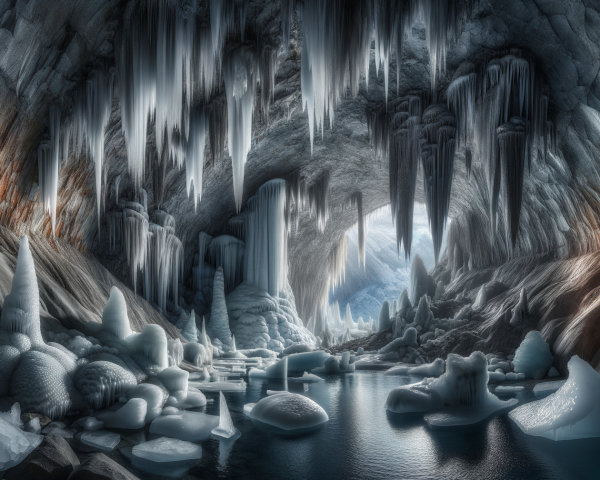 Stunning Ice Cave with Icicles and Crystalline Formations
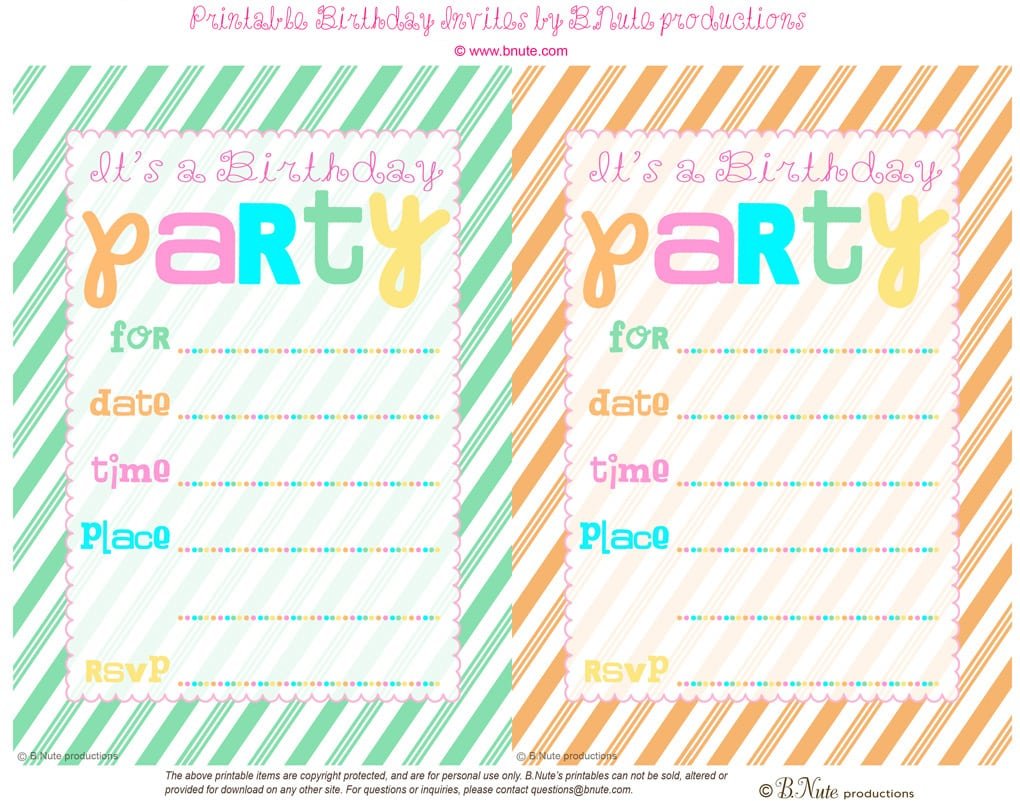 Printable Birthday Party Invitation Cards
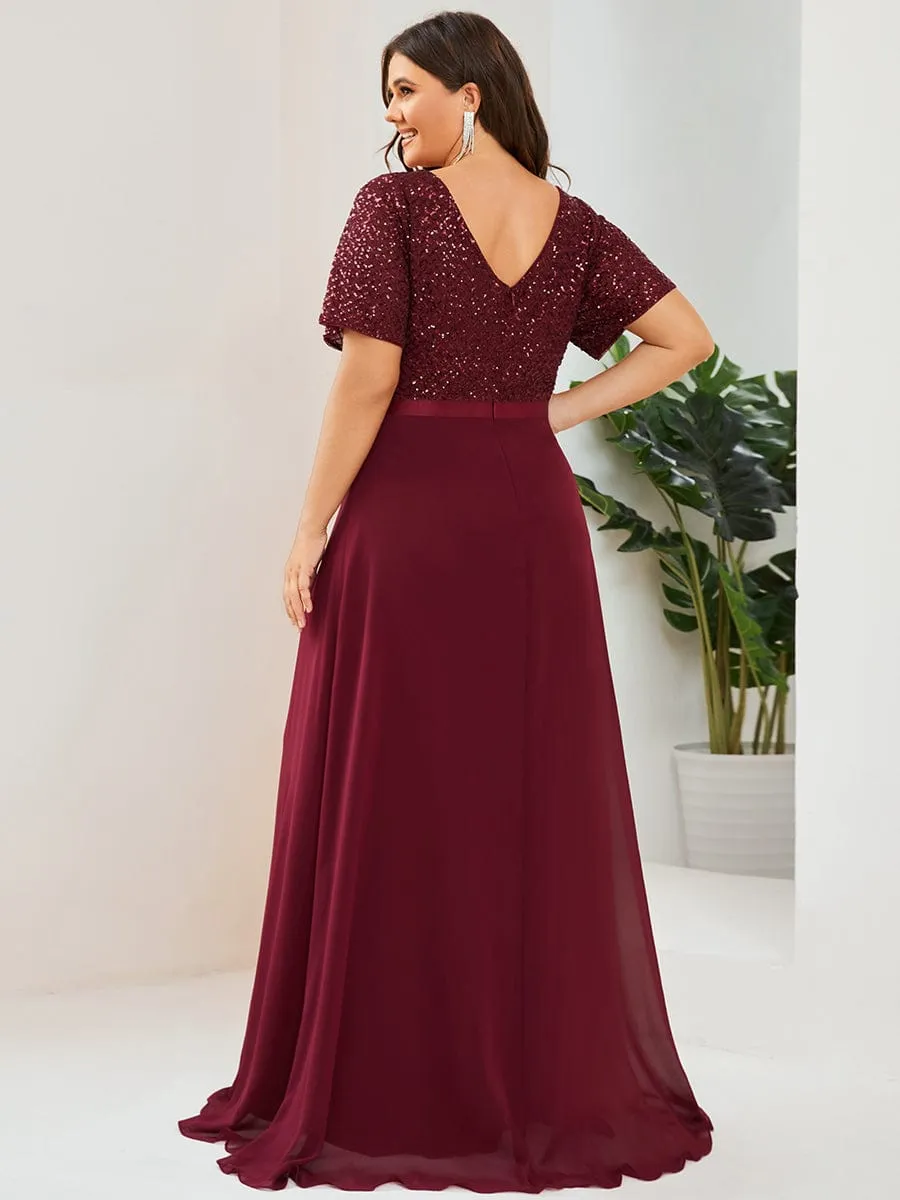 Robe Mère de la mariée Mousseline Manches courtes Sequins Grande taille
---
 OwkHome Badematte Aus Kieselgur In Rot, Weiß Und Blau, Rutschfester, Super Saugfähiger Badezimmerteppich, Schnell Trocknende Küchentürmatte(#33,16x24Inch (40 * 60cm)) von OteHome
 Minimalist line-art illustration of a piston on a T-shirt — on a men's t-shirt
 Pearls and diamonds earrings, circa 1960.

Exercise aim
Print exactly the lines above that run from the one with "Stunning Ice Cave" down to the one with "Robe Mère de", and omit the pictures.

Completed task
 Stunning Ice Cave with Icicles and Crystalline Formations
 Printable Birthday Party Invitation Cards
 Robe Mère de la mariée Mousseline Manches courtes Sequins Grande taille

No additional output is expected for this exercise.